String input = "normal <upper> normal <upper again> normal";

into

String output = "normal UPPER normal UPPER AGAIN normal";

The regex \<(.*?)\>" should detect the pattern i want to transform, but using

output = input.replaceAll("\\<(.*?)\\>", "$1".toUpperCase());

doesn't work, because logically it puts $1 to upper case, that is, nothing happens, before treating it inside the method.

Besides, the method I want to apply is to be called with the replacement string as an argument ; thus the "wrong naive way" would be something more like

output = input.replaceAll("\\<(.*?)\\>", transform("$1"));

Do you know of any trick to do this?


Idiomatic way to do it is slightly verbose:

Matcher m = Pattern.compile("\\<(.*?)\\>").matcher(input);
StringBuffer b = new StringBuffer();
while (m.find()) {
    m.appendReplacement(b, transform(m.group());
}
m.appendTail(b);
output = b.toString();


An example is shown here

Its sad Java makes you create a separate buffer and loop building it up with m.find() only to have to re-assign it to the input string.

In perl its done in-line within the engine: $str =~ s/<(.*?)>/'<'.upper($1).'>'/seg; but thats just perl, a mystery unto itself.


Pattern p = Pattern.compile("<([^<>]+)>");
Matcher m = p.matcher(input);
StringBuffer sb = new StringBuffer();
while (m.find()) {
    m.appendReplacement(sb, "");
    sb.append(transform(m.group(1));
}
m.appendTail(sb);
output = sb.toString();

The main improvement over @axtavt's answer is the two-stage append process.

appendReplacement() processes the replacement string looking for dollar signs (which indicate group references) and backslashes (which are used to escape dollar signs and backslashes).
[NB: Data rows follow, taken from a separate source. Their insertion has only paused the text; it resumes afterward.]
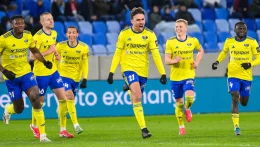 Fociliga, rájátszás: Eperjesen döntetleneztek a komáromiak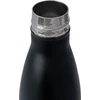 Gertuvė Termosas Origin Outdoors Insulated Daily, 0,5 l, juodas, matinis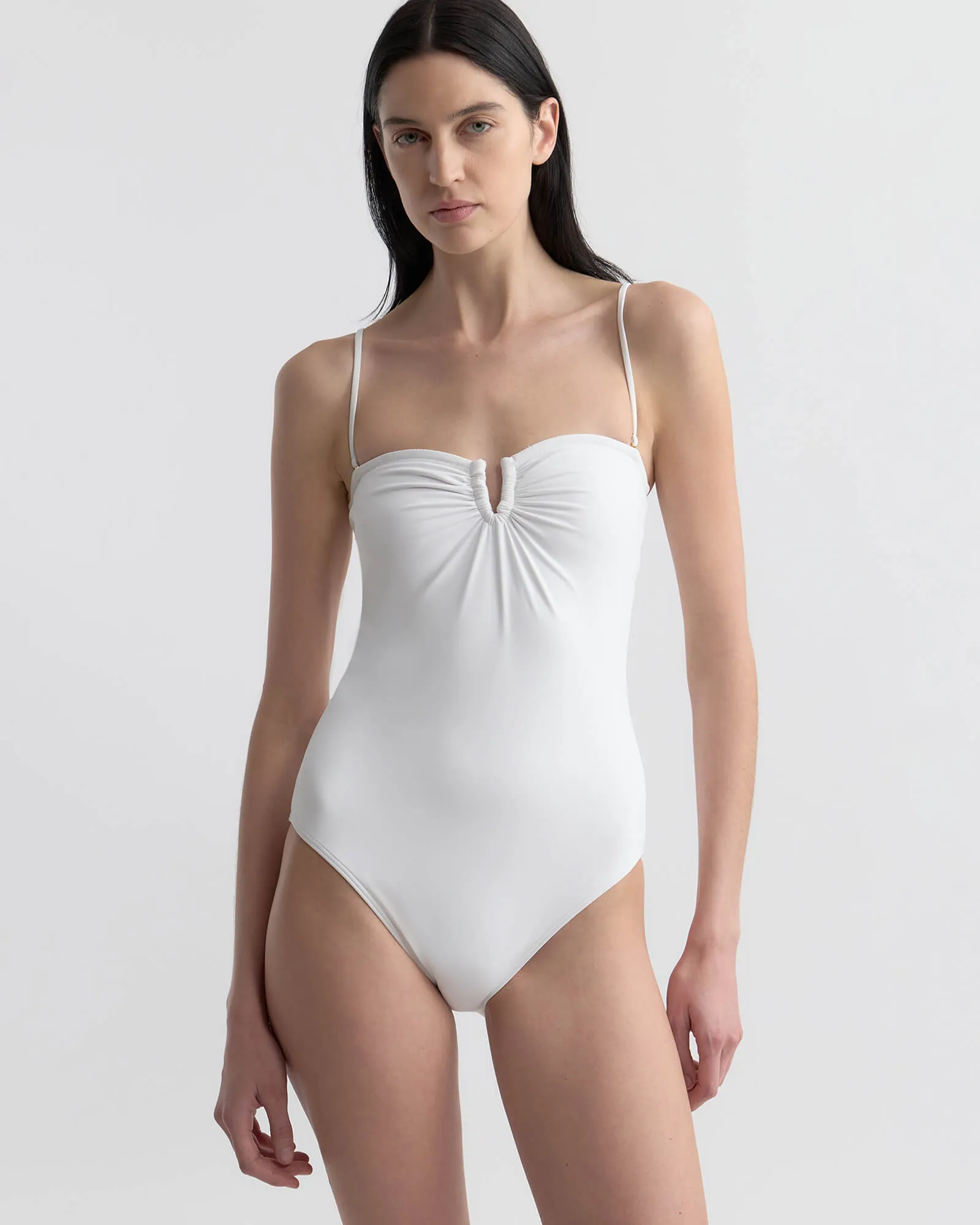 ONE PIECE BATHING SUIT sold by Nili Lotan product image thumbnail 2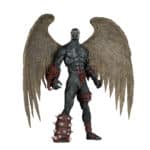 McFarlane Spawn (Wings of Redemption) 7" Figure — view 4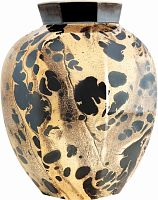 ваза настольная leopard small в Чите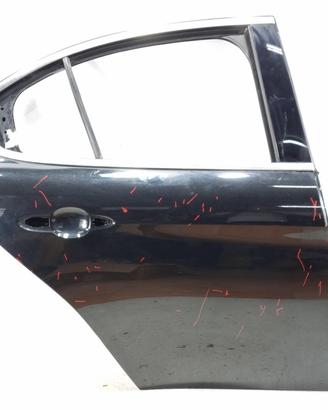 PORTIERA POSTERIORE DESTRA ALFA ROMEO Giulia Serie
But any dollar signs in our replacement strings should be treated literally; treating them as group-reference sigils will result in garbage output or runtime exceptions. So we disable it by passing an empty string to appendReplacement() and appending the actual replacement to the StringBuffer ourselves.

Note: the quoteReplacment() method, which I mentioned in a comment to another answer, would do the job too. This approach is possible because we're looping manually, not calling replaceAll() or replaceFirst(), and it's both clearer (IMO) and more efficient.